Right Here, Right Now

This morning has brought the latest in the long-running official survey on the economy.

In July 2020, the business climate has continued its recovery started in May. The indicator that synthesizes it, calculated from the responses of business managers from the main market sectors, has gained 7 points. At 85, the business climate is however still significantly below its long-term average (100), and a fortiori below its relatively high pre-lockdown level (105).

The ending of the lockdown has seen a welcome rally of 7 points but sadly only to 85% of the long-term average. If we look back though I note it was recording a relatively high 105 which makes me mull this.

In Q1 2020, real gross domestic product (GDP)* fell sharply: -5.3% after -0.1% in Q4 2019, thus a revision of +0.5% compared with the first estimate published in April.

I think the relevant number is the contraction in the last quarter of 2019 and how does that relate to a relatively high reading. As the fall is only 0.1% we could argue the economy was flat lining but we still have a measure recording growth when there wasn’t any.

Going back to the survey we see a similar pattern but weaker number for employment.

In July 2020, the employment climate has continued to recover sharply from the April low. At 77, it has gained 10 points compared to June, but it still remains far below its pre-lockdown level.

Manufacturing

The position here is particularly bad.

According to the business managers surveyed in July 2020, the business climate in industry has continued to improve. The composite indicator has gained 4 points compared to June, after losing 30 points in April due to the health crisis. However, at 82, it remains far below its long term average (100).

Looking ahead the order book does not look exactly auspicious either.

In July 2020, slightly fewer industrialists than in June have declared their order books to be below normal. The balances of opinion on total and foreign order books have very slightly recovered. Both stand at very low levels although slightly higher than in 2009.

If we look back this measure had a recent peak around 112 as 2018 began. This represented quite a rally compared to the dips below 90 seen at times in 2012 and 13. But after that peak it began slip-sliding away to around 100 and now well you can see above.

Saving

Whilst debt hits the headlines the breakdown of the GDP data shows that it is not the only thing going on.

At the same time, household consumption fell (-5.6% after +0.3%), resulting in a sharp rise of the saving rate to 19.6% after 15.1% in Q4 2019.

The pandemic has seen higher levels of saving which has two drivers I think. Firstly many simply could not spend their money as so many outlets closed. Next those who can look like they have been indulging in some precautionary saving which is something of a disaster for supporters of negative interest-rates.

National Debt

Having just looked at ying here is part of the yang.

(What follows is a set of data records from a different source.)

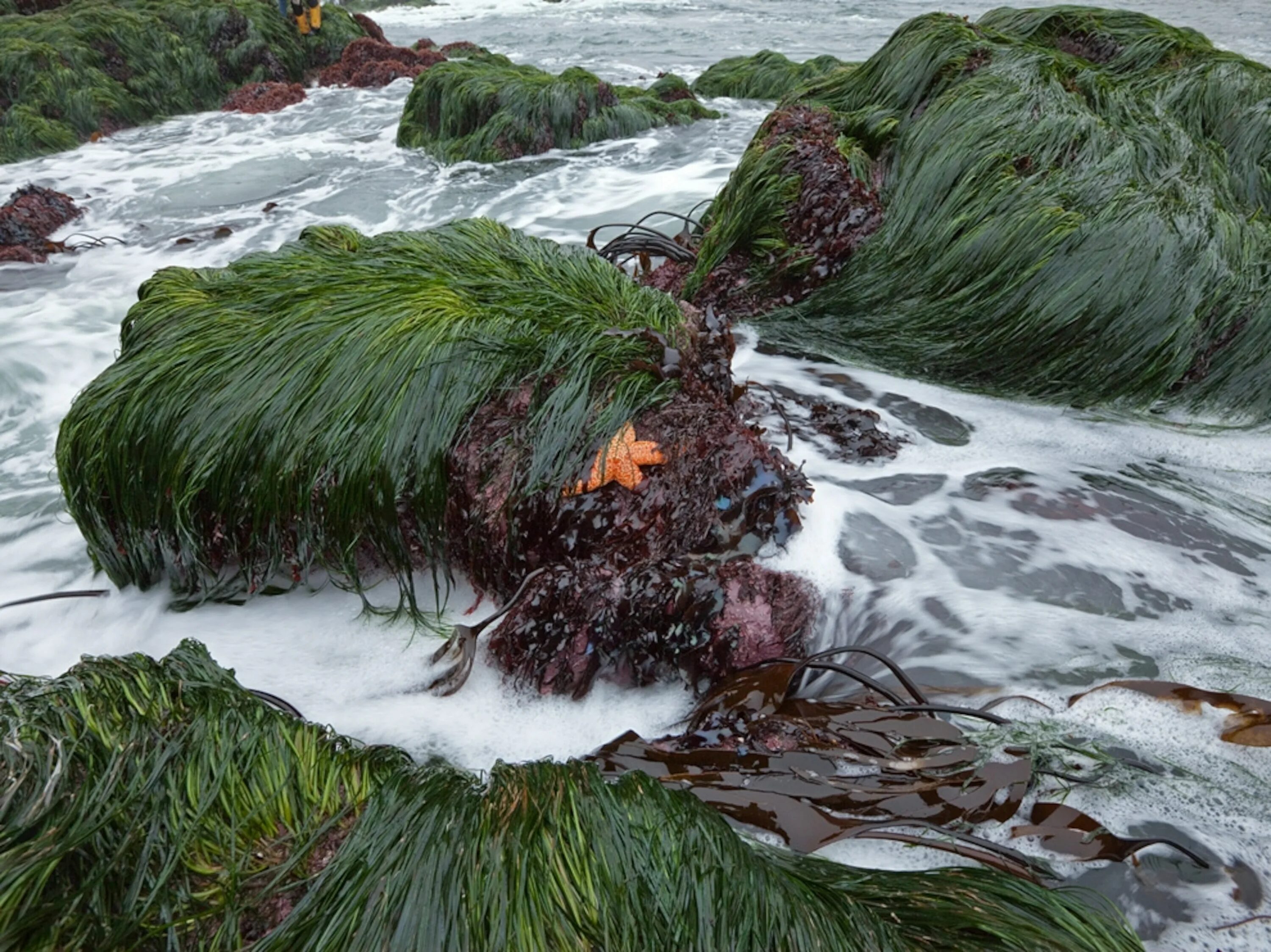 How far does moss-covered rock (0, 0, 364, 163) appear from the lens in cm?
1018

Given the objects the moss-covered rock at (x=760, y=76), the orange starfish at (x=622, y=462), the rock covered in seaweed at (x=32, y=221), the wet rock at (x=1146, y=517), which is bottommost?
the rock covered in seaweed at (x=32, y=221)

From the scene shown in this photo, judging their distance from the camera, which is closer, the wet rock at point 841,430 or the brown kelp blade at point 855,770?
the brown kelp blade at point 855,770

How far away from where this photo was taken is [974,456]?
3.50m

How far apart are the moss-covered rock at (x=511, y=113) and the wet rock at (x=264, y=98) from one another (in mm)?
2938

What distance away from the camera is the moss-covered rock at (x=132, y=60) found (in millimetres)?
10180

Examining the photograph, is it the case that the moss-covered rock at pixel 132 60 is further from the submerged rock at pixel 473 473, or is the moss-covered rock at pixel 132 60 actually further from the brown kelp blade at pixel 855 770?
the brown kelp blade at pixel 855 770

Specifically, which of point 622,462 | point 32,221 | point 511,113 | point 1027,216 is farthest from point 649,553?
point 511,113

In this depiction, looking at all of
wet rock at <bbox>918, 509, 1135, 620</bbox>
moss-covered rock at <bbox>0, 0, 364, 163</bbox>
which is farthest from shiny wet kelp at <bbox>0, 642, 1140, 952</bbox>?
moss-covered rock at <bbox>0, 0, 364, 163</bbox>

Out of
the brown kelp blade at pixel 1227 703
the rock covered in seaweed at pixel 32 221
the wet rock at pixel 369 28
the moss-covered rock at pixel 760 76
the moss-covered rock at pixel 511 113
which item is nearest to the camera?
the brown kelp blade at pixel 1227 703

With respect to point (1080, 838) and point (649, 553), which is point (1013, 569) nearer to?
point (1080, 838)

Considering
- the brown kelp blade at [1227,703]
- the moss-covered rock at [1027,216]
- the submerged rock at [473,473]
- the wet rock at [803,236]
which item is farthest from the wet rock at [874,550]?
the wet rock at [803,236]

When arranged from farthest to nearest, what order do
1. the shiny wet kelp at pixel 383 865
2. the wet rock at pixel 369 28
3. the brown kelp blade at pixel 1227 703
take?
the wet rock at pixel 369 28 → the brown kelp blade at pixel 1227 703 → the shiny wet kelp at pixel 383 865

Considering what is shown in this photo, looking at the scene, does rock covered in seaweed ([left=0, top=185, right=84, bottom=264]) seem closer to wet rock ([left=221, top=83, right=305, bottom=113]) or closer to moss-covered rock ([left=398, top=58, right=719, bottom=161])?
moss-covered rock ([left=398, top=58, right=719, bottom=161])

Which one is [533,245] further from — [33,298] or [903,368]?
[33,298]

In Q1 2020 the public deficit increased by 1.1 points: 4.8% of GDP after 3.7% in Q4 2019.

So we see that pandemic France was borrowing more and regular readers will have noted this from past articles. For the year as a whole France had its nose pressed against the Growth and Stability Pact threshold of 3% of GDP. I know some of you measure an economy by tax receipts so they were 1.275 trillion in 2019.

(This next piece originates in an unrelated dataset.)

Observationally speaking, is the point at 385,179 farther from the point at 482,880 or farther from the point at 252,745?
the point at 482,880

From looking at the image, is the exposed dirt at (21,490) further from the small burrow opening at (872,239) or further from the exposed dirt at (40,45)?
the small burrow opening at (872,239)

Moving to the national debt we see this.

At the end of Q1 2020, Maastricht’s debt reached €2,438.5 billion, a €58.4 billion increase in comparison to Q4 2019. It accounted for 101.2% of gross domestic product (GDP), 3.1 points higher than last quarter, the highest increase since Q2 2019.

Looking ahead this is the view of the Bank of France.

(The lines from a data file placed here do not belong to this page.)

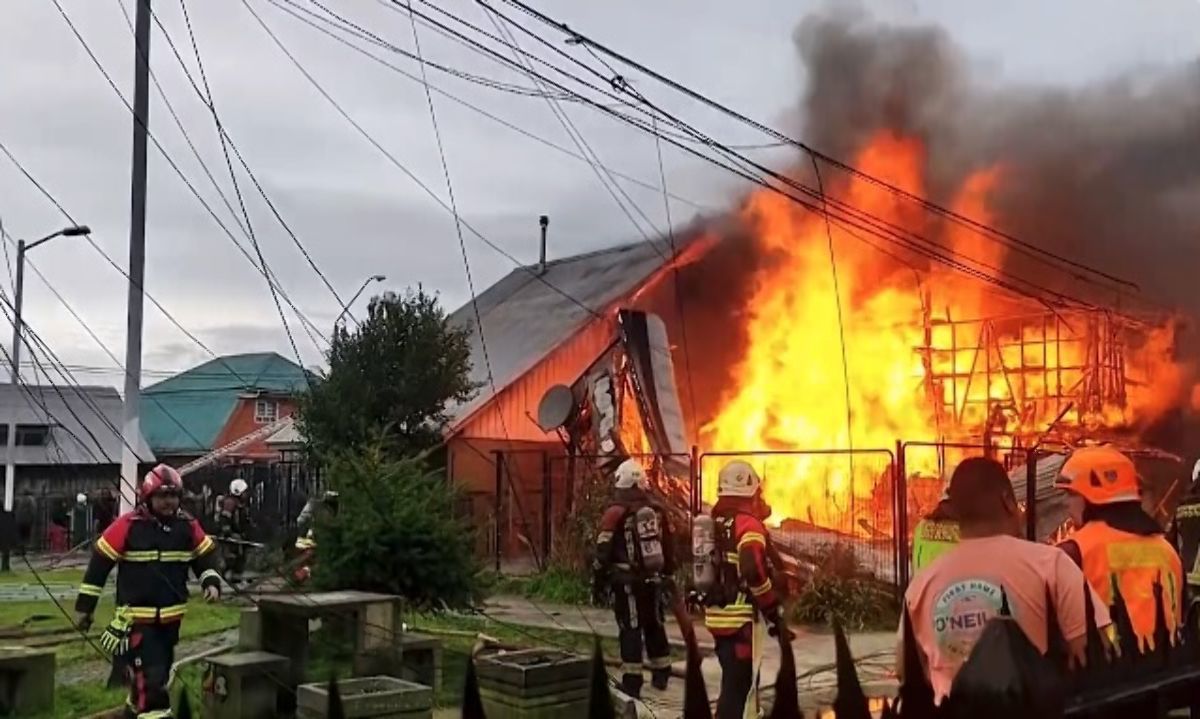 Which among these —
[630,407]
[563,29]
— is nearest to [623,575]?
[563,29]

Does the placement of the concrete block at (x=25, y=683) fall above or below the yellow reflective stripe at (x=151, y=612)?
below

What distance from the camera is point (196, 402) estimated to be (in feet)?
171

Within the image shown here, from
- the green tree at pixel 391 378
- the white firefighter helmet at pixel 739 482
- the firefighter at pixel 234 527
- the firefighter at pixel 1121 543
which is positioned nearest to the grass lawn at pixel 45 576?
the firefighter at pixel 234 527

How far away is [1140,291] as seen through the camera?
21.0 metres

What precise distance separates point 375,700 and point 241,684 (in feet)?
5.04

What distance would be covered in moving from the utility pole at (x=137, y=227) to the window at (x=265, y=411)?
38.1 m

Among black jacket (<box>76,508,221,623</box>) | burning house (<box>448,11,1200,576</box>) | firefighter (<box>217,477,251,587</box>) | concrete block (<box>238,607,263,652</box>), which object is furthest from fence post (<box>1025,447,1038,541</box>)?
firefighter (<box>217,477,251,587</box>)

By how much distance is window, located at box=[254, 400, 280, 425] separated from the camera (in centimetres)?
4905

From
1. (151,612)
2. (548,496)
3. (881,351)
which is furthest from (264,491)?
(151,612)

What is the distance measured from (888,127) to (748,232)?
3.26m

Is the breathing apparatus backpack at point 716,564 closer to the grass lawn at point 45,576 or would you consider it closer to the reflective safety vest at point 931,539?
the reflective safety vest at point 931,539

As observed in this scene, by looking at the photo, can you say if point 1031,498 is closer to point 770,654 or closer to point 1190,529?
point 770,654

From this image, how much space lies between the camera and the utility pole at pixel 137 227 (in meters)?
11.1

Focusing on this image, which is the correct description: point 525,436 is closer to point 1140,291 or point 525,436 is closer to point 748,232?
point 748,232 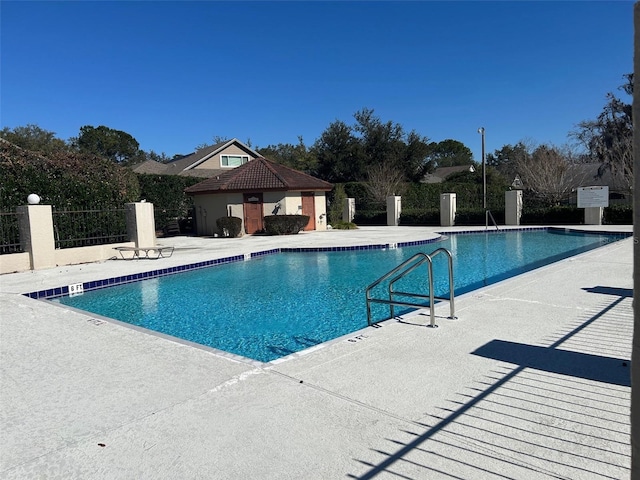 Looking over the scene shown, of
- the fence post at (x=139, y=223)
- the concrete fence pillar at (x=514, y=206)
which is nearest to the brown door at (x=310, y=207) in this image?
the fence post at (x=139, y=223)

As a result of the wider deficit and the fall in GDP, government debt should rise substantially to 119% of GDP in 2020, from 98.1% in 2019, and should scarcely decline over the rest of the projection horizon. The average debt-to-GDP ratio for the euro area should also increase in parallel, but to a more limited extent (to 101% of GDP in 2022, easing to 100% by end-2022).

Comment

There are some familiar patterns of a sharp drop in economic output followed by plenty of rhetoric about a sharp recovery next year. However the surveys we have looked at show a very partial recovery so far so that the “V-shaped” hopium users find themselves singing along with Bonnie Tyler.

I was lost in France
In the fields the birds were singing
I was lost in France
And the day was just beginning

Switching to the mounting debt burden it is a clear issue in terms of capital and if you like the weight of the debt. Also estimates of economies at around 120% of GDP went spectacularly wrong in the Euro area crisis. But in terms of debt costs then with a ten-year yield of -0.19% France is often being paid to issue debt. Although care is needed because the ECB does not buy ultra long bonds ( 30 years is its limit) meaning that France has a fifty-year bond yield of 0,58%. We should not forget that even the latter is very cheap, especially in these circumstances.

Also there is this from the head of the ECB Christine Lagarde.

In my interview with @IgnatiusPost

, I explained that price stability and climate change are closely related. Consequently, we must take climate-related risks into account in our central banking activities.

 

 

 

UK Retail Sales are booming again and are being driven by lower inflation

The beat of UK economic data goes on as our official statisticians do their best to flood us with it on certain days which sadly has the effect that some matters get missed. It is sadly to report that those at the top of the Office for National Statistics have rather lost the plot and if the evidence they gave to the recent parliamentary enquiry is any guide are prioritising chasing clicks rather than providing information. The labour market release which used to be fairly clear is now something of a shambles of separate releases.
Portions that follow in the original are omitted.